De la ciudad de los techos rojos que conocieron nuestros padres no queda nada. Caminar por nuestras calles es toda una odisea épica, aventuras que me imagino vivieron hombres y mujeres en los tiempos de la barbarie, que al igual que nosotros debieron enfrentar a unos individuos que mal encarados montan sus caballos de hierro atropellando todo a su paso, no respetando ninguna norma conocida, y para completar la escena dantesca aparecen unos elefantes de hierro, bien maltrechos por cierto, botando chorros de humo por sus trompas y haciendo ruidos ensordecedores, de los que debes huir apresuradamente pero con sumo cuidado, ya que las aceras o caminos están llenos de trampas: huecos, trabajos inconclusos, tanquillas sin tapas, vendedores de cualquier cosa y en cualquier parte, y de repente, te encuentras en medio de un tornado lleno de desagradables olores y suciedades, una selva moderna.

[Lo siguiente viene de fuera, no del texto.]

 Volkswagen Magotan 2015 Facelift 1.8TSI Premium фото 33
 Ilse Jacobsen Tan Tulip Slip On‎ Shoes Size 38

La contaminación sónica ha aumentado en un alto porcentaje en los últimos años, a las motos le han puesto cornetas de carro que tocan como diversión, los conductores de las camionetas públicas le han puesto trompetas de aire comprimido a sus vehículos las que hacen sonar por cualquier cosa, o para torturarnos tal vez.
Pareciera que las ordenanzas y las leyes son, como diría Arturo Uslar Pietri, para los “pendejos”.
El flamante alcalde que tenemos se llena la boca hablando de los espacios recuperados, la plaza de Bolívar, algún boulevard, y alguno que otro espacio, pero la verdad es que para llegar a estos espacios se deben atravesar una cantidad de obstáculos que los hacen inexistentes, o impenetrables cual ciudad medieval amurallada. ¿Cuándo nuestra ciudad contará con un alcalde que simplemente la ordene y haga cumplir las normas?, ¿será esto mucho pedir?